Взрыв девичьего смеха за дверью напомнил Бекки, что она лишь одна из многих. И, словно чтобы предупредить отказ и сохранить достоинство, Бекки наскоро извинилась, выбежала из церкви, и сердце ее опомнилось.

В следующее воскресенье после службы они с Таннером устроились на задней скамье и проговорили час с лишним. Кто-то выключил в церкви свет, и они остались сидеть в более торжественном свете, лившемся из витражных окон. Бекки радовалась, что в конце концов ей не пришлось, как в “Перекрестках”, признаваться Таннеру в том, что она хочет узнать его лучше.

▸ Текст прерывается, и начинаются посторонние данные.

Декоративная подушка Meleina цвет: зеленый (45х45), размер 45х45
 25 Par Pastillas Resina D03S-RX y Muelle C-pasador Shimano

Обмен былыми впечатлениями выявил интересный факт: оказывается, Бекки даже в десятом классе казалась Таннеру невозможно неприступной. Да нет, это ты неприступный, возразила Бекки, и он рассмеялся, принялся отрицать, как подобало при его незаносчивой натуре, но она видела, что Таннер польщен. О “Перекрестках” и друзьях Таннера, которые теперь служили там наставниками, они не упоминали; Бекки лихорадочно размышляла. Логично, даже невозможно не предположить, что два таких уникальных и на первый взгляд неприступных человека просто обязаны быть вместе. Но что если “быть вместе” означает всего лишь дружбу?

Бекки поняла, что выхода нет: придется рискнуть. Деланно-непринужденным тоном она спросила Таннера, почему Лора не ходит с ним в церковь.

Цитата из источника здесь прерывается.